Posted by: Sam | June 12, 2009 at 11:12 PM
we were infested with mice for months. if you don't get rid of them sharpish....they multiply. we tried everything including an electronic device that is supposed to 'disturb' them and make your home unappealing: didn't work. humane traps: didn't work......i set them free in the park up the road and they came back (i know one of them was the same as it had half a tail missing). took to driving them 3 miles away in the car! that probably did work but we still had more mice.
we no longer have mice. the cure? poison. i didn't want to go go down that road, but it was the only thing that worked. pest control will charge you £50...don't bother...buy the poison yourself for a few quid.

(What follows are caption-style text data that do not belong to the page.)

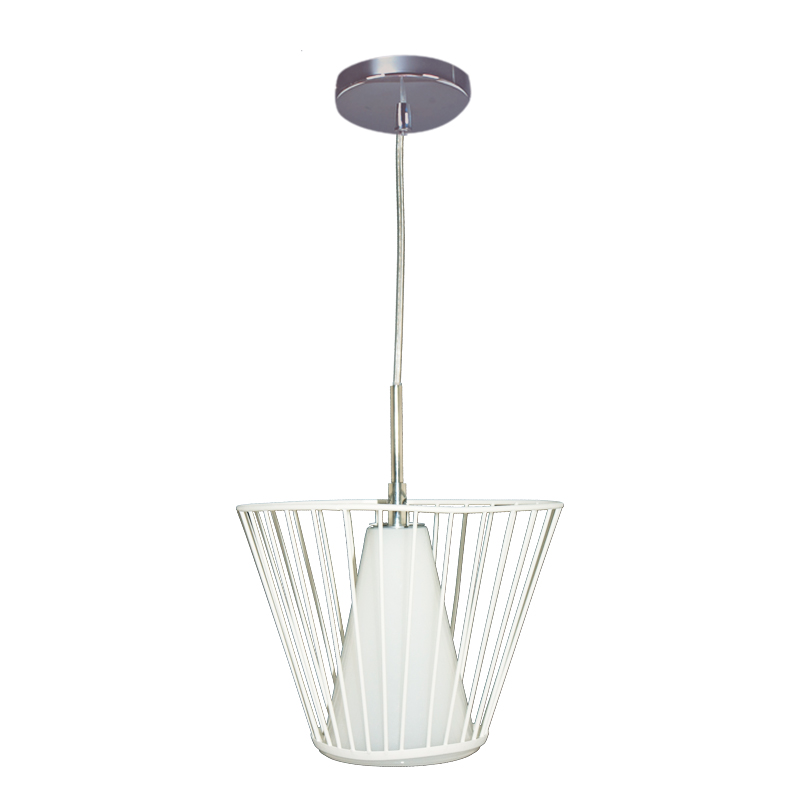 NETTO # PENDANT 1X40W G9 WHITE P014101AW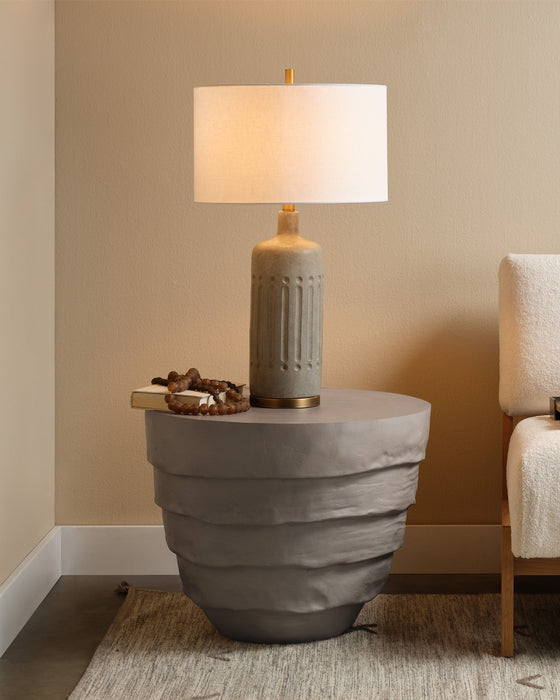 Jamie Young Company - Concentric Side Table - 20CONC-STCE - GreatFurnitureDeal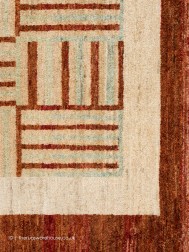 Gabbeh Modern 847 Rug - Thumbnail - 5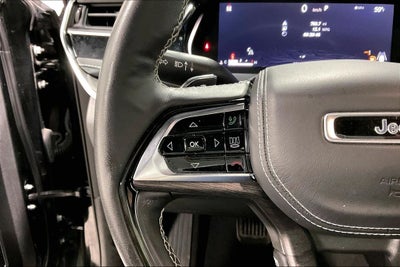 2022 Jeep Grand Cherokee Overland 4x4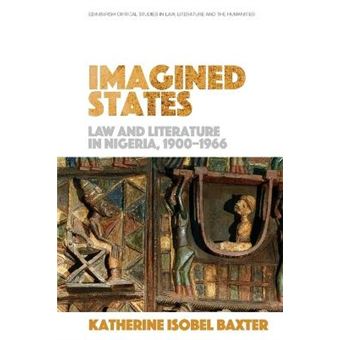 Imagined States - 1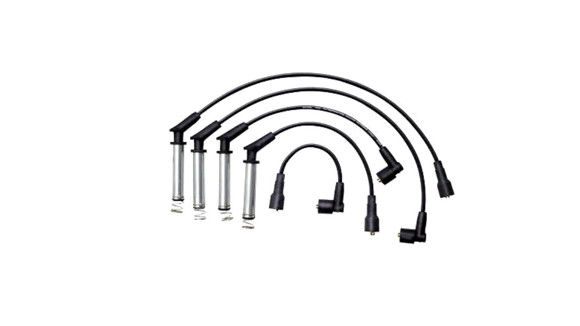 Imagen de JUEGO CABLES BUJIA GM VECTRA 2.0MPFI 8V 1993-1995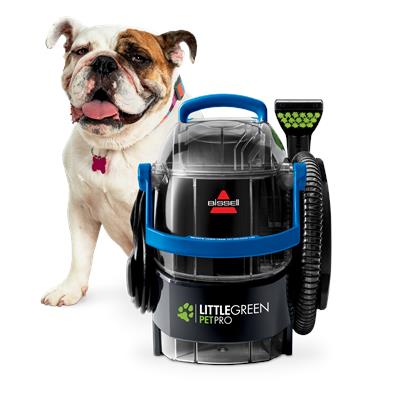 Little Green® Pet Pro Portable Carpet Cleaner 2891 | BISSELL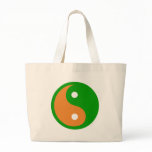 Ireland Zen Flag Tote Bag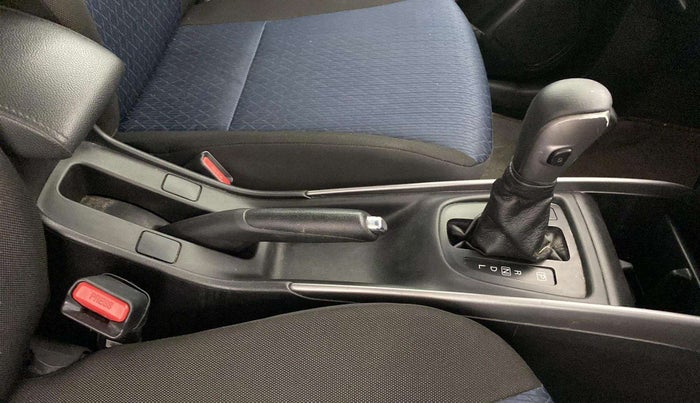 2019 Maruti Baleno ALPHA CVT PETROL 1.2, Petrol, Automatic, 34,599 km, Gear Lever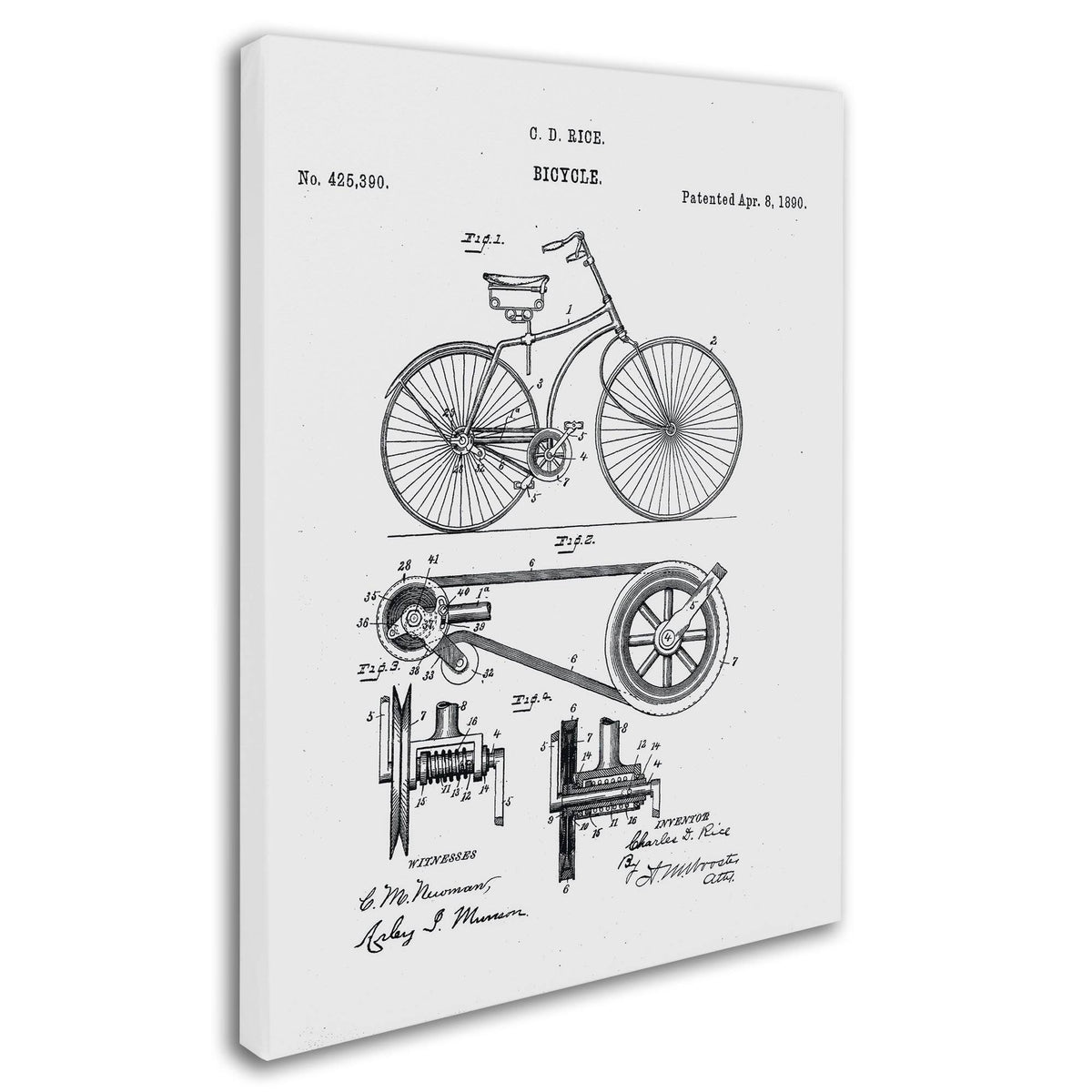 Canvas Art X849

Posted by: Christa | June 12, 2009 at 11:53 PM
oh, I have been where you are now. I can live with mice in the basement, mice in the kitchen, mice int he garage etc, but once they came near my bedroom, I had to get out the big guns - good old mouse poison. It comes in little packets and they chew thru and eat it. And then they die I don't like to kill things, but once they are running around me whilst I sleep, I will do anything to get rid of them.
good luck
Monica
Posted by: monica | June 14, 2009 at 04:09 AM
Was meaning to say, although you have a toddler, you can still put out mousetraps because there is no point in putting them out in the daytime - you put them in doorways or right against skirting boards, you only need a couple, and you can just put them on a high shelf in the morning and put them down again at night.
Posted by: katie | June 15, 2009 at 02:01 PM
We get mice every winter and the old-fashioned neck snapping traps are really the most humane (and effective). If you can get one in their usual path, you'll catch them the fastest. Best bait is peanut butter.
I used a sticky trap once and yes, they are completely sticky and catch the buggers well (especially if you sprinkle them with something yummy). But then you are faced with either letting the thing starve to death, throwing it in the trash outside while still alive, or snapping it's neck yourself to end it quickly (I had hubs do the neck snap even though I know how--just didn't wanna).
But the sticky trap placed in your laundry bin would do the trick and not bloody the clothes.
Is your wardrobe up off the floor a bit? Basically, can you either slide an old fashioned trap under or behind? If it's only open from behind, get one on each end to get in their path (SNAP!). Just keep your door closed to protect Botany's fingers.
I used to work with rodents, so if you want any other input, e-mail me.
Posted by: Jenn (dish) | June 15, 2009 at 05:47 PM
Another vote for the neck-snapping traps. Sorry, mousies, we don't seem to be able to come to an accommodation, but I shall make your dispatching as quick as possible.